_DATA FOR PROCESSING_.
* * * * * * *
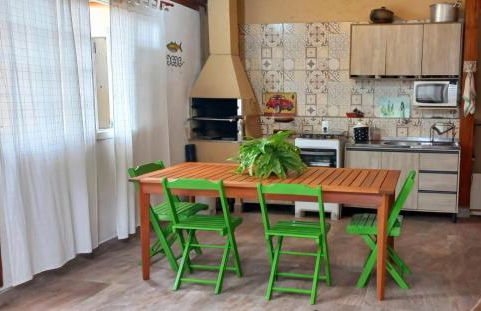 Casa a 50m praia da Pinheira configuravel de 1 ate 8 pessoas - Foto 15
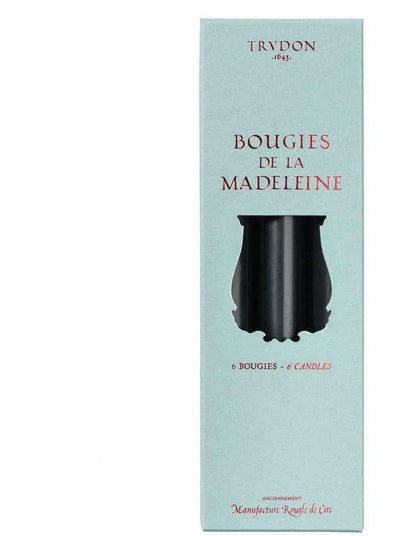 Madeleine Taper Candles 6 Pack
* * * * * * *
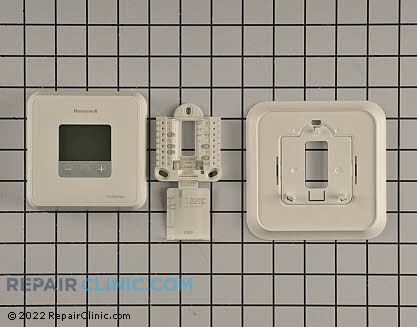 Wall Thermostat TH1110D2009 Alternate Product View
* * * * * * *
_AIM OF THE TASK_. Give back exactly, and solely, the section of the data above bounded by the line containing "Casa a 50m praia" and the line containing "Madeleine Taper Candles 6 Pack", both bounding lines included and pictures omitted.

_RESULT_.
 Casa a 50m praia da Pinheira configuravel de 1 ate 8 pessoas - Foto 15
 Madeleine Taper Candles 6 Pack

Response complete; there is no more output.